La menace physique ‑les scientifiques sans cœur donc- a du culot : non seulement elle a piqué une source d’énergie monstrueuse à des vrais scientifiques ‑ceux qui sauvent l’Église‑, mais en plus elle tue des cardinaux, et laisse quatre heures à Langdon et à la potiche brune italienne plantureuse et intelligente qui remplace la descendante du Christ ‑Audrey Tautou- pour sauver le Vatican de la destruction totale. Mais le manichéisme de Ron Howard n’est pas si simple. L’ennemi est partout, y compris au Vatican, qui a été infiltré comme la société française des années 1920 par ces ersatz de francs-maçons dégénérés. Il est aisé de constater ici le développement de tous les thèmes conservateurs (le complot, la solution du repli sur soi, le passé qui passe sans problème…), mais il est curieux de voir les différentes parcelles de ce conservatisme : de petites blagues sur les chauvinismes européens en adages presque scandaleux, le « gentil » finit par prononcer la sentence : « La science est trop jeune pour comprendre»… Est-ce censé nous plonger dans des abîmes de perplexité ? Est-ce censé nous montrer que le mysticisme doit régir le siècle, qui, pour Malraux, devait être spirituel ou ne pas être ? La Vérité, ici, est au bout du conclave. Toute tentative de modernisation est mauvaise, dans le monde -id est le Vatican- puisque ces représentants cherchent à le détruire à l’extérieur et à l’intérieur de cette île à sauver. Au sein même du Vatican, le seul progressiste se révélera bien mauvais.
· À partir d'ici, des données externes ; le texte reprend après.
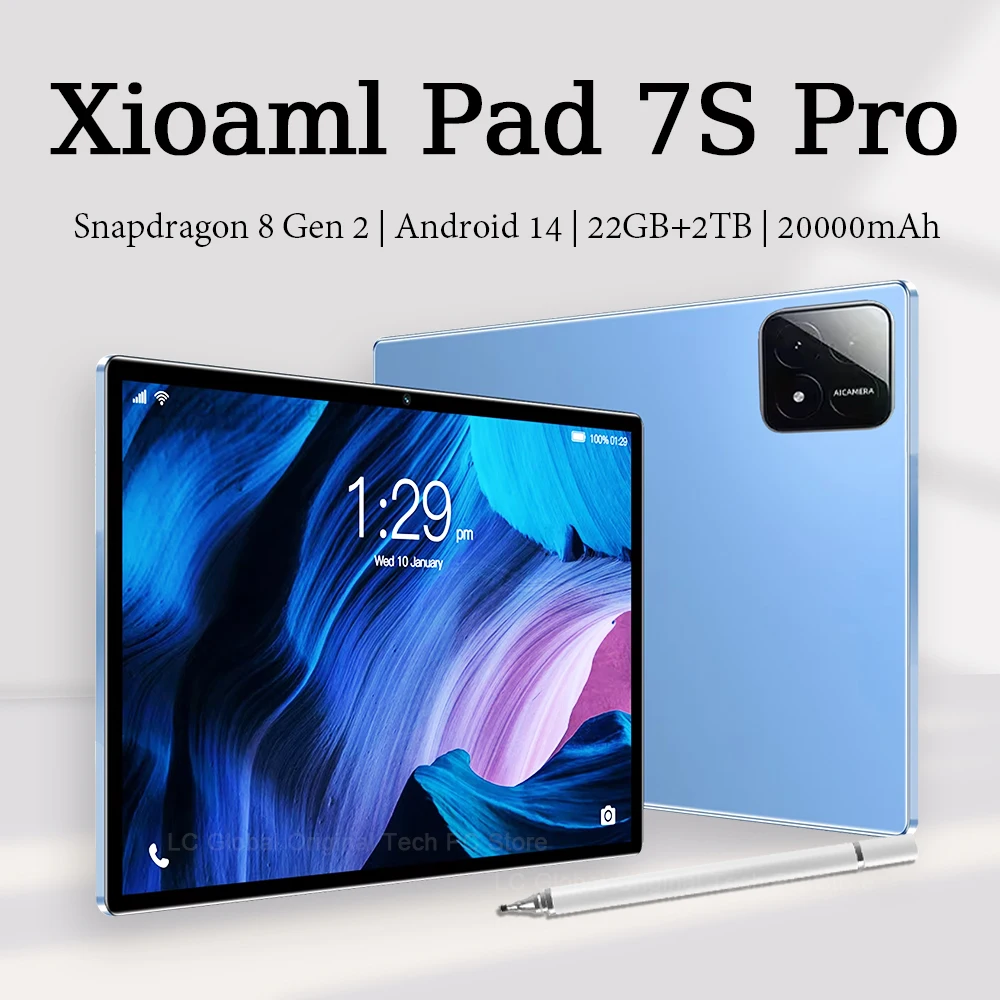 

New Original Pad 7S Pro Tablet Snapdragon 8 Gen 2 Android 14 22GB+1TB 20000mAh 5G Dual SIM 11inch WiFi GPS HD 4K Gaming Tab PC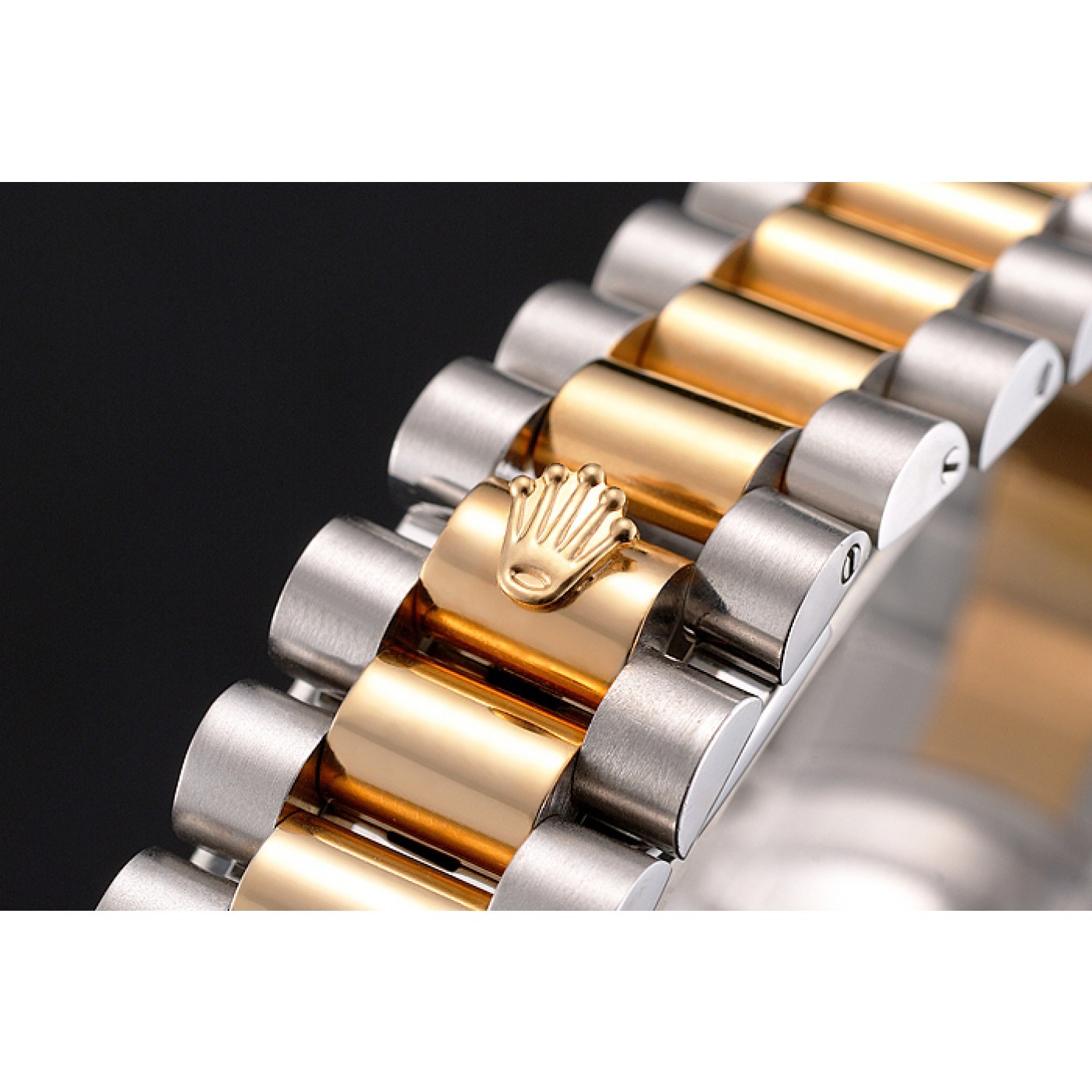 MiroTime Swiss Rolex Datejust Black Dial Stainless Steel Case Gold Bezel Two Tone Bracelet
Ron Howard nous entraîne dans sa grande entreprise sotériologique sans jamais sortir d’un canevas bien daté du XVIe siècle. Il nous explique même dans le dossier de presse sa fascination pour les histoires de ce type, qui permettent notamment de connaître des « personnalités intéressantes » comme Galilée et d’aller sur internet assouvir sa curiosité en sortant de la salle de cinéma. Le plus dangereux dans l’histoire n’est pas que le film flatte les sensibilités catholiques extrémistes, mais qu’il pourrait presque faire regretter que le cinéma hollywoodien s’exprime. Réaliser Anges et démons en 2009, c’est revenir sur des schémas de pensée surannés, c’est aussi penser le monde comme un éternel espace de conflit entre civilisations diverses, de guerre entre science et religion, entre pouvoir terrestre et pouvoir céleste, entre le monde catholique et les autres, dont le centre et le vainqueur n’est autre que l’Église. Souvenons-nous des mots de Goethe : « Lorsque les idées manquent, il y a toujours un mot pour sauver la situation. » On aimerait, pour changer, que le mot en question ne soit pas trouvé par Ron Howard ou Dan Brown, qui n’en proposent que de bien bas, sans talent ni conscience.